このような空き家による被害は、豪雪地帯などになると更に深刻です。例えば空き家の屋根に積もった雪下ろしを行わなければ、家が潰れてしまう可能性もでてくるからです。
雪下ろし作業を怠って隣家に被害を及ぼすと・・・
業者に雪下ろし作業を依頼した場合、仮に作業員を1人雇えば2万円で、3人で作業を行ってもらえば1回につき6万円かかります。ひと冬越すのに数十万円という出費がかさんでしまいます。
仮に実家が倒壊して隣家に被害を及ぼした場合には、民法第717条で規定されている「土地工作物責任」に基づいて修理代など損害額を請求されることになります。
土地工作物責任とは、土地に設置または保存された工作物(ここでは空き家を指します)が安全性を欠いている状態で、それにより他人に損害を与えた場合には占有者や所有者が責任を負うというものです。
豪雨による地盤の緩みで石垣が崩壊したら?
仮に雨が多い地域で、豪雨で地盤が緩んで石垣が崩壊し、隣接している家を全壊させてしまった場合なども同様です。
防ぐことができた可能性があったのに望ましい措置が取られなかったと判断されれば、石垣を所有する人に損害賠償が認定されます。倒壊事故でケガを負った人や亡くなった人などがいれば、安全性を欠いていると判断されれば賠償責任を負うと考えておきましょう。
家のシロアリによる被害は空き家が原因?
では家にシロアリが発生した時、隣家の空き家で発生したシロアリが影響するという被害などは考えられるのでしょうか。
シロアリは成虫になれば羽アリになり、新たなエサ場に旅立っていきます。生態的にはじめじめとした湿気のある場所を好むため、管理されていない空き家はシロアリにとって格好のエサ場と言えます。

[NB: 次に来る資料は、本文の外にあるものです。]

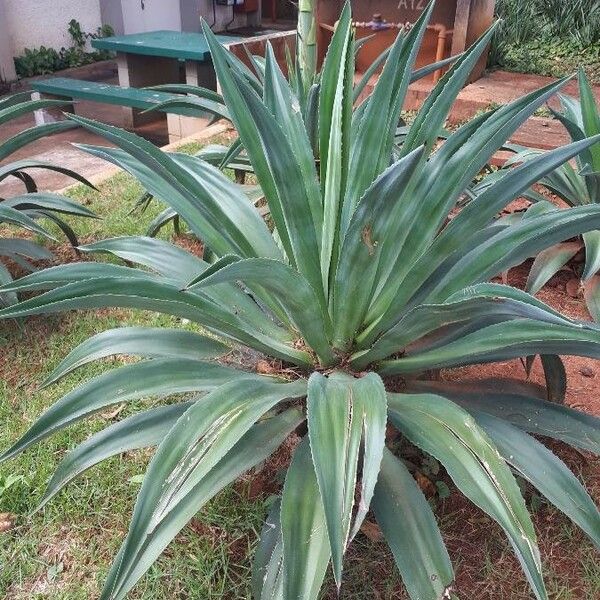 Agave sisalana List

そのため、家の近所に空き家や空き倉庫などがあると、シロアリの影響を受けると考えてしまうのは無理ないでしょう。
ただしシロアリは、種類にもよりますが基本的には発生源から移動して増殖することはほとんどありません。注意したいのはシロアリ被害にあった空き家の景観が悪くなること、そして耐震性に問題が発生するため、倒壊の危険性が考えられるという点です。
空き家は放置しないことが原則!
家屋倒壊による被害は様々ですが、害虫や害獣の棲み家になりやすいのは事実ですし、衛生面も景観にも悪影響を及ぼします。何よりも倒壊する危険性が高い場合、隣家の住民にとっては不安材料でしかありません。
このように近隣の住民に不安や迷惑をかけないためにも、空き家は放置せず適切な管理を行うことが必要だと言えるでしょう。